_Task prompt_.
In the records below, locate the line containing "France Wildfires"; output that line and every following line through the last, exactly.
------ Input records ------
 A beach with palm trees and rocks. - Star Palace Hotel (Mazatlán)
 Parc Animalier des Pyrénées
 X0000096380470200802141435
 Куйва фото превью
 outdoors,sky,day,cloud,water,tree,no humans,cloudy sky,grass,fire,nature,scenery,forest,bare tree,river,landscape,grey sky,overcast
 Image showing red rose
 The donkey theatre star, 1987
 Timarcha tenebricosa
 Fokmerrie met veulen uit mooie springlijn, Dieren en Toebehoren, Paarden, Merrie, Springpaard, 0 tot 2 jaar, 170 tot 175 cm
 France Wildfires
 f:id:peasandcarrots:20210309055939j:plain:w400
------
_Response_.
 France Wildfires
 f:id:peasandcarrots:20210309055939j:plain:w400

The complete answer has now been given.